O Congresso Nacional colocou no radar a possibilidade de adiar o decreto de calamidade pública no País para 2021 se os efeitos da pandemia de covid-19 se estenderem para o próximo ano.
A prorrogação daria aval para o governo Jair Bolsonaro gastar mais no próximo ano com a justificativa de combater as consequências econômicas da doença.
Parecer das consultorias da Câmara e do Senado sugere colocar uma
brecha na Lei de Diretrizes Orçamentárias (LDO) pavimentando o terreno
para o adiamento da calamidade pública.
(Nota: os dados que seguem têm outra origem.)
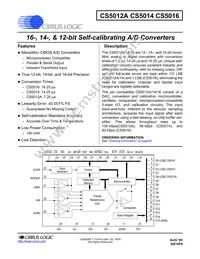 CS5016-BL16Z Datasheet Cover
A proposta enviada pelo governo
não traz essa possibilidade, mas poderá ser alterada pelo Congresso. A
tramitação da LDO está parada em função do apagão das comissões do
Legislativo.
O decreto em vigor fixou a calamidade até 31 de dezembro
deste ano. Dessa forma, o governo não precisará cumprir a chamada regra
de ouro - que o proíbe de se endividar para pagar despesas correntes -
nem fazer bloqueios no Orçamento para atingir a chamada meta fiscal
(atualmente, um limite para o rombo nas contas públicas). Um adiamento
levaria o Executivo a gastar sem essa rigidez também em 2021.
A calamidade pública só poderá ser adiada com outro decreto a pedido do
governo. O que as consultorias sugerem é deixar a LDO pronta para esse
cenário. De acordo com técnicos do Congresso, será preciso alterar o
projeto deixando a hipótese de prorrogação em 2021 a depender do quadro
da pandemia.
A discussão vem na esteira da articulação para aumentar gastos e
aproveitar as regras da pandemia para fazer investimentos, conforme o Estadão revelou. O decreto de calamidade possibilitou a aprovação do chamado orçamento de guerra, criando uma conta paralela para as despesas relacionadas à covid-19.
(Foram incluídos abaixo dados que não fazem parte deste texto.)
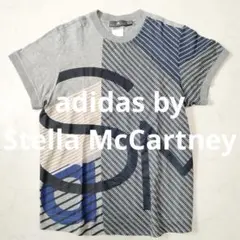 美品adidas by StellaMcCartney　クルーネックロゴTシャツ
No projeto da LDO, o governo sugere adotar uma meta fiscal de resultado
das contas públicas flexível em 2021 por causa das incertezas
provocadas pela covid-19. O Estadão antecipou que o número de referência é um déficit de R$ 150 bilhões, mas esse valor não é considerado a meta do ano.
O parecer das consultorias, porém, propõe fixar uma meta com valor
definido - assim como nos anos anteriores -, mas permitindo um
"afrouxamento fiscal" com o possível adiamento do estado de calamidade.
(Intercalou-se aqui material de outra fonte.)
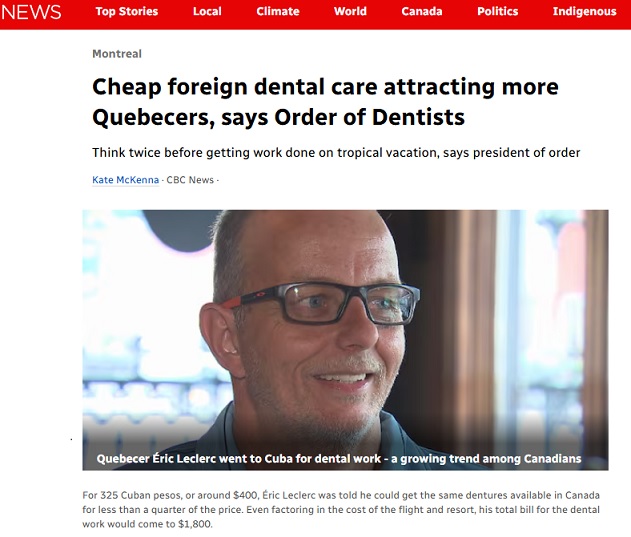 very competitive costs of dental surgery in Cuba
"Se a doença atravessar o ano em expansão, deve adiar", afirmou o líder
do PSD no Senado, Otto Alencar (BA). O partido indicará o relator da
LDO neste ano, que deverá ser o senador Irajá Abreu (PSD-TO).
A Comissão Mista de Orçamento, responsável por votar a LDO e a Lei
Orçamentária Anual, está parada em função do apagão das comissões do
Congresso.
Estratégia
Na avaliação de parlamentares e técnicos do Congresso, o adiamento da
calamidade serviria para o Executivo federal colocar em campo a
estratégia de fazer investimentos com regras fiscais mais leves. O
Planalto poderia, dessa forma, aproveitar a pandemia para colocar
recursos no programa Pró-Brasil, o programa de investimentos públicos do
governo. Em versões preliminares, o programa reuniria de R$ 40 bilhões a
R$ 50 bilhões em investimentos divididos em 137 obras executadas entre
2021 e 2022.
"A reconstrução da economia nacional, que será necessária a partir dos
efeitos da pandemia, vai exigir medidas extraordinárias e isso pode
ensejar o pedido por parte do Executivo como forma de dar maior margem
utilizando o orçamento de guerra", afirmou o deputado Orlando Silva
(PCdoB-SP), que foi relator do decreto de calamidade na Câmara.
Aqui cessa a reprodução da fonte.